Character Clues

Character Clues

Character Analysis

Freud doesn't spend a lot of time discussing how clothes make the man, or asking if a rose by any other name would smell as sweet—not in relation to family, friends, and colleagues in his waking life, that is. But when it comes to interpreting the tools of characterization that are used in dreams, Freud is all over the topic like white on rice.

Names

What's in a name? According to Sigmund Freud, quite a lot—when it comes to interpreting dream-condensation, that is.

Throughout The Interpretation of Dreams, Freud argues again and again that dreams like to pack a ton of associations and connections into tidy little bundles. Unpacking them usually means paying strict attention to the way that language links things together.

For example, in his interpretation of his Non Vixit Dream, Freud realizes that the dream brought multiple associations together through the name "Josef." Included in the dream are memories associated with Freud's senior colleague Josef Breuer, the Kaiser Josef Memorial in Vienna, Freud's junior colleague Josef Paneth, and a street named for Kaiser Josef (6.7.53-54).

Although Freud doesn't believe that names help to characterize people in our waking lives, he argues that they certainly do in our dream-lives. Through the interconnections and associations that dreams can make by playing with names, all kinds of unconscious thoughts and wishes can be revealed.

Physical Appearances

When it comes to noticing a person's clothes, gestures, and body language, Freud has a keen eye that would make even Hawkeye jealous. Freud's flair for detail is particularly useful for his dream-interpretations, because according to his theory, dreams have a habit of melding multiple people together into one.

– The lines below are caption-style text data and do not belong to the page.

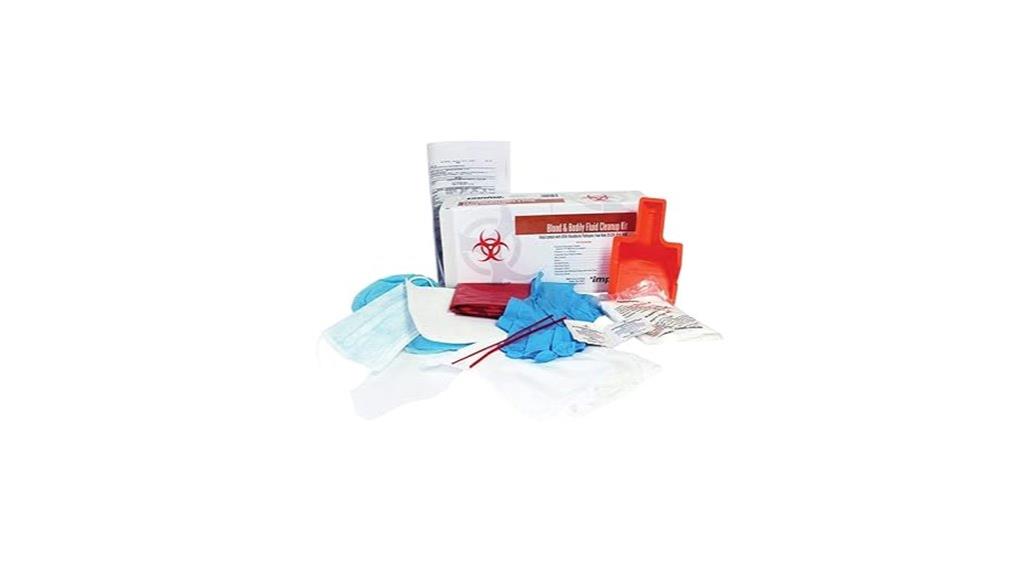 bloodborne pathogen cleanup kit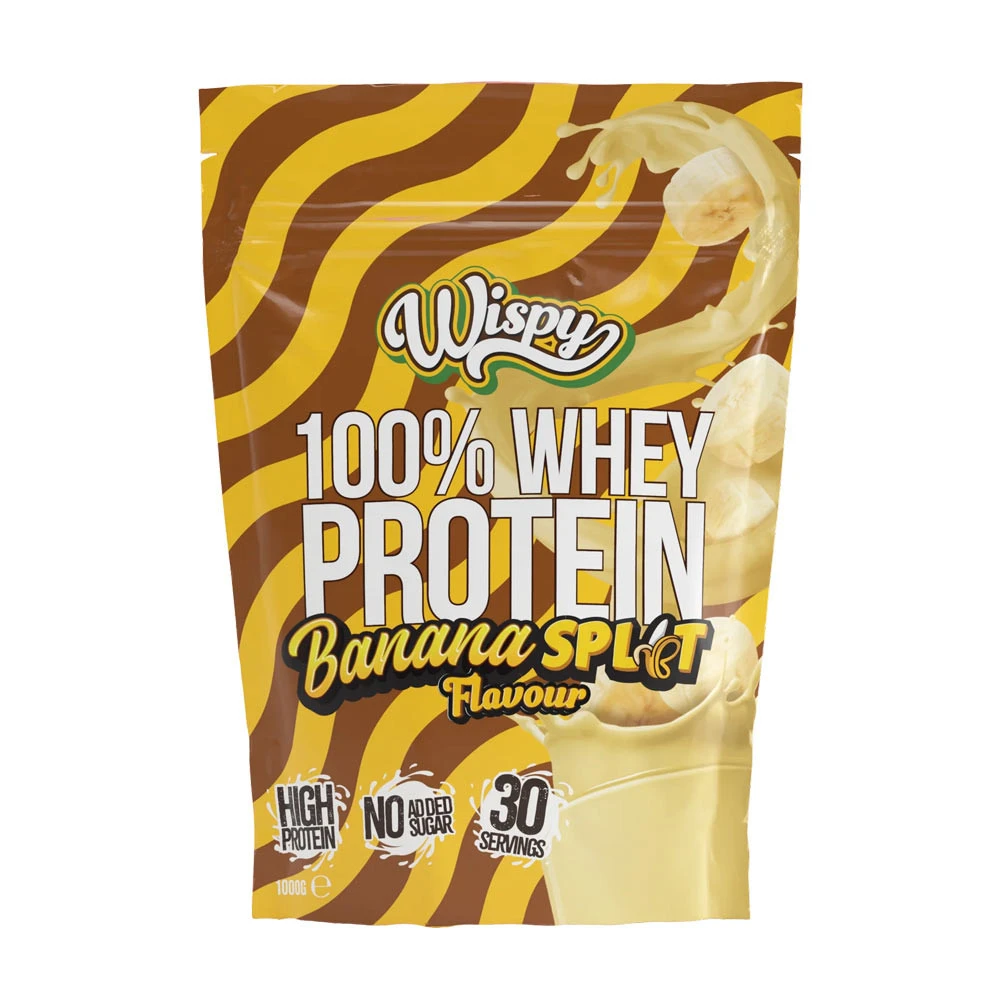 Wispy - Wheyprotein + 1000 g Banana Split billede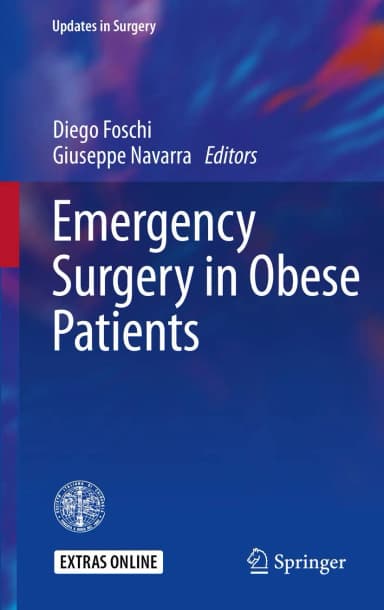 Image of - Emergency Surgery In Obese Patients | Paperback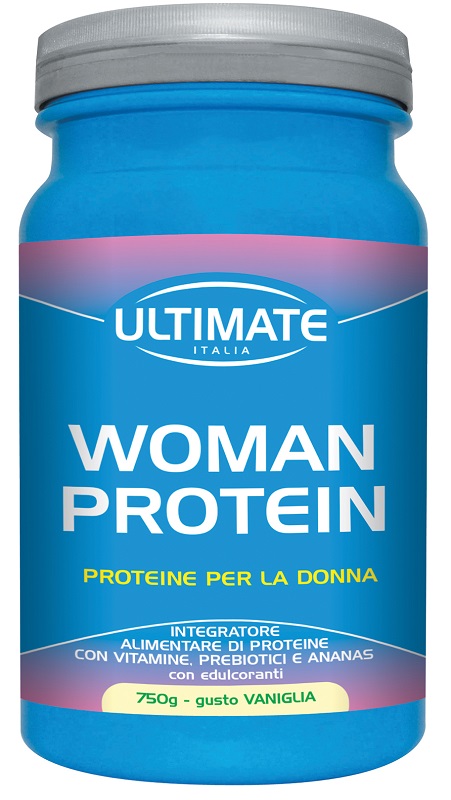 Ultimate Italia Woman Protein Vaniglia Integratore Proteico Donna 750 g
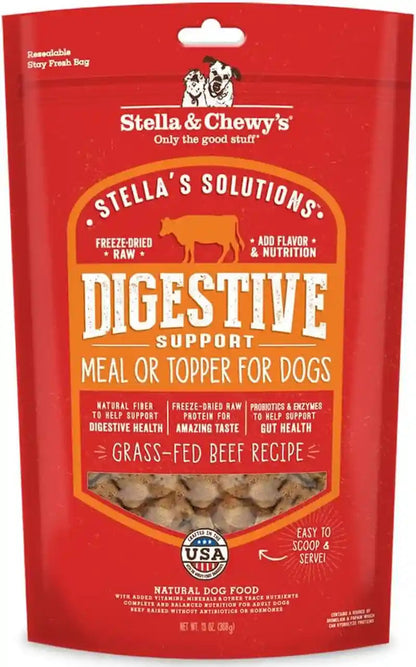 Stella & Chewy'S – Stella’S Solutions Skin & Coat Boost – Grass-Fed Lamb & Wild-Caught Salmon Dinner Morsels – Freeze-Dried Raw, Protein Rich, Grain Free Dog Food – 4.25 Oz Bag11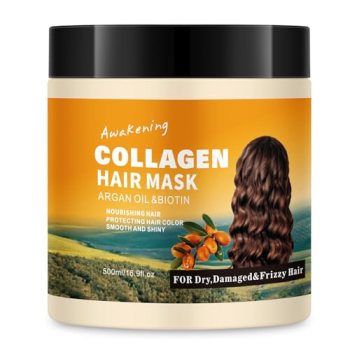 LSKINBATH Hair Mask Deep Treatment Conditioner Collagen Protein Argan Oil Biotin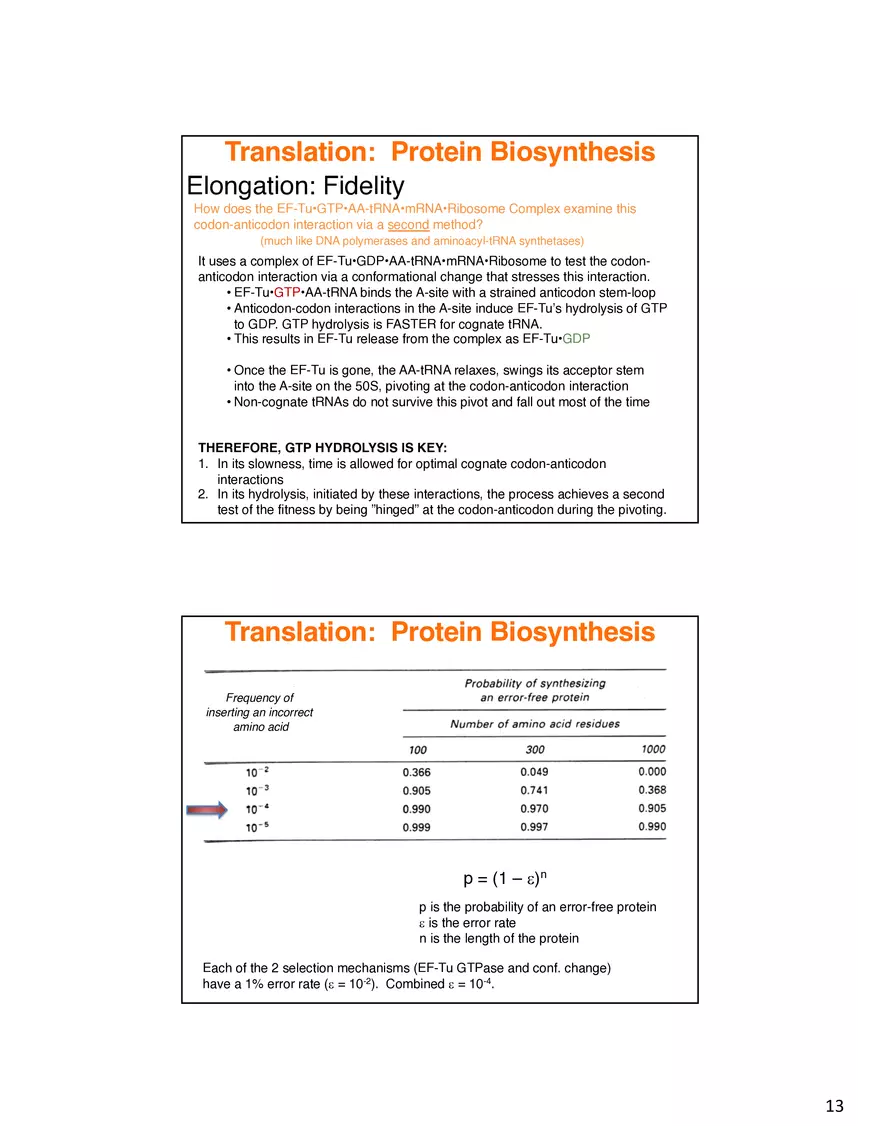 Nucleic Acids Translation tRNA and Protein Biosynthesis - Page 5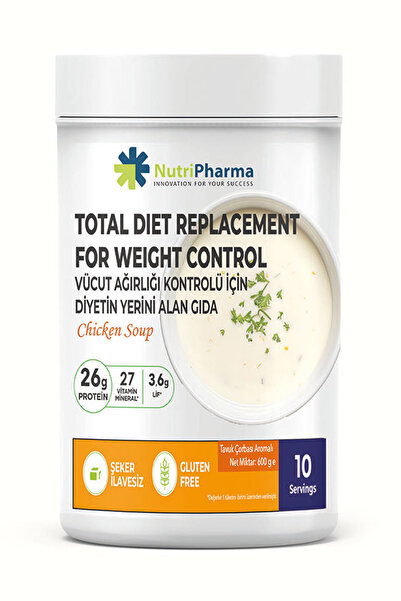 NUTRIPHARMA Whey Proteinli Diyet Tavuk Çorbası – Yüksek Proteinli Çorba Öğün ...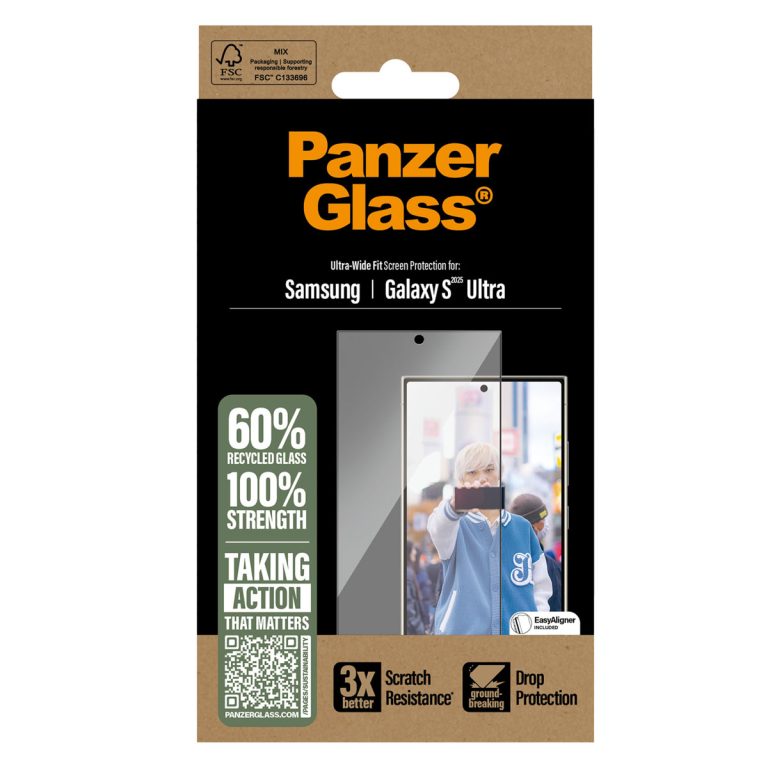 PanzerGlass Ultra-Wide Fit Anti-Bacterial Screenprotector Samsung Galaxy S25 Ultra - Afbeelding 3
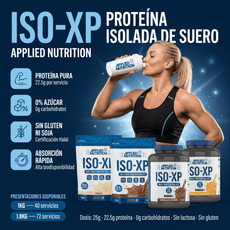 Proteina ISO XP de 1KG y 1.8KG - Applied Nutrition - NutriSuplementos Perú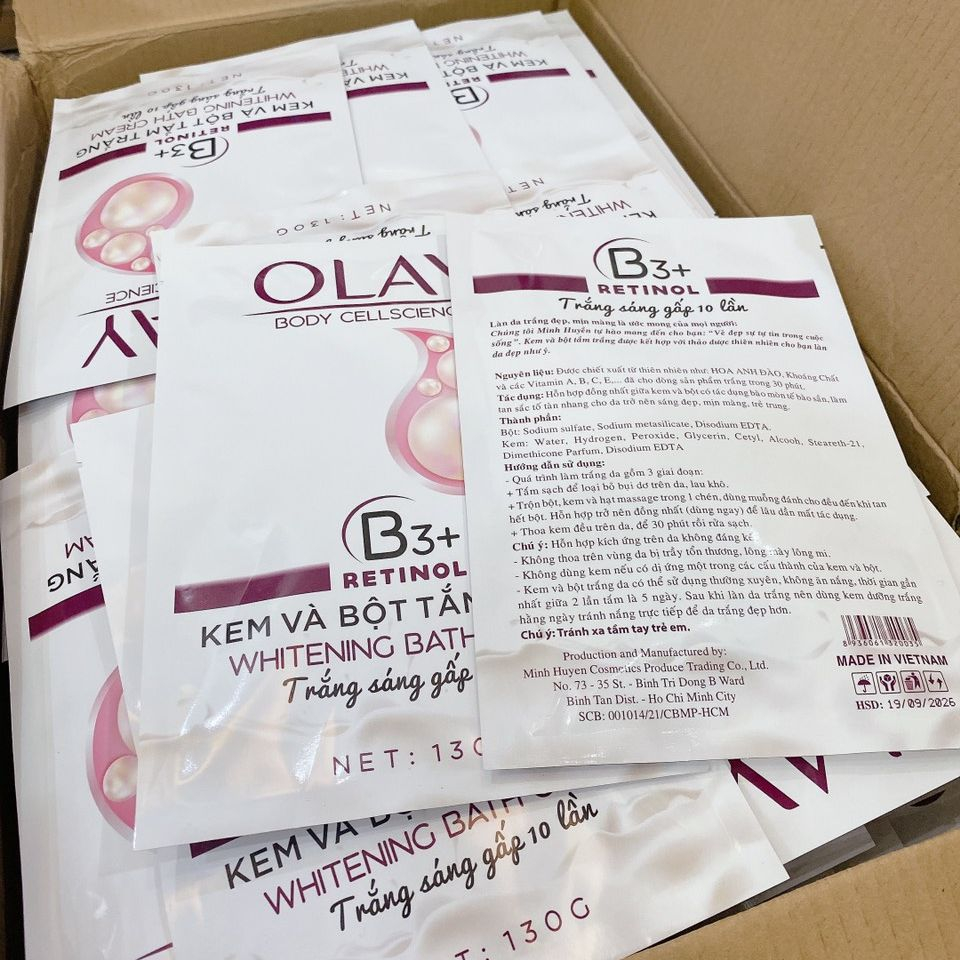 Tắm trắng Body Olay Cellscience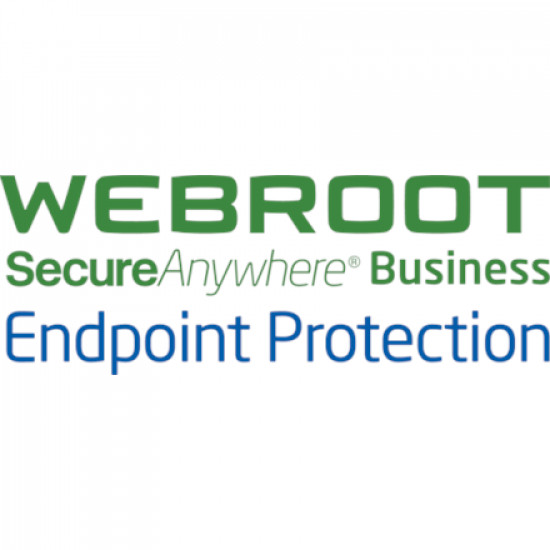 Webroot Business Endpoint Protection with GSM Console, Antivirus Business Edition, 1 year(s), License quantity 1-9 user(s)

For example, take Freud's Dream of Irma's Injection (2.1.16). In it, his patient "Irma" stands beside a window in such a way that Freud immediately thinks of another young woman—a friend of Irma's and a woman Freud would have liked to take on as a patient. Irma also looks pale and puffy and has bad teeth—features that make Freud think of his wife (2.1.23).

By noticing that Dream-Irma's physical appearance is very different from that of Irma in real life, Freud is able to untangle the associations that the dream has made between Irma, Irma's friend, and his own wife.

Speech and Dialogue

Freud says in The Interpretation of Dreams that the speeches and dialogue that appear in our dreams are pieced together from remembered materials. He explains:

Where spoken sentences occur in dreams and are expressly distinguished as such from thoughts, it is an invariable rule that the words spoken in the dream are derived from spoken words remembered in the dream-material. The text in the dream is either retained unaltered or expressed with some slight displacement. A speech in a dream is often put together from various recollected speeches, the text remaining the same but being given, if possible several meanings, or one different from the original one. (6.2.62)

Freud goes on to conclude that "[a] spoken remark in a dream is not infrequently no more than an allusion to an occasion on which the remark in question was made" (6.2.62). So a spoken remark in a dream can be very revealing.

Imagine, for instance, that you dream that your very best friend says a number of unexpected and strangely critical things to you. When you wake up, you realize that your dream-friend spoke words that one of your high-school teachers once said to you after blew off a major assignment. What would Freud have to say about this strange conflation of your BFF and your high-school teacher?

He would say, of course, that there is an unconscious reason why your bestie and your teacher have been mixed together in the dream. Your dream-friend's spoken words may be totally out of character, but because they originally come from someone else, that peculiar combination says a lot.